Exercise brief:
Your output should be the complete listing, repeated exactly.

Data extract:
◇ ◇ ◇ ◇ ◇
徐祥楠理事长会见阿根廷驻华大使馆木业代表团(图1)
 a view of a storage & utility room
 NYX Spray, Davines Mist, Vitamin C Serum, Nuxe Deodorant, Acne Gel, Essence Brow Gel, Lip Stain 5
◇ ◇ ◇ ◇ ◇
Response to this exercise:
徐祥楠理事长会见阿根廷驻华大使馆木业代表团(图1)
 a view of a storage & utility room
 NYX Spray, Davines Mist, Vitamin C Serum, Nuxe Deodorant, Acne Gel, Essence Brow Gel, Lip Stain 5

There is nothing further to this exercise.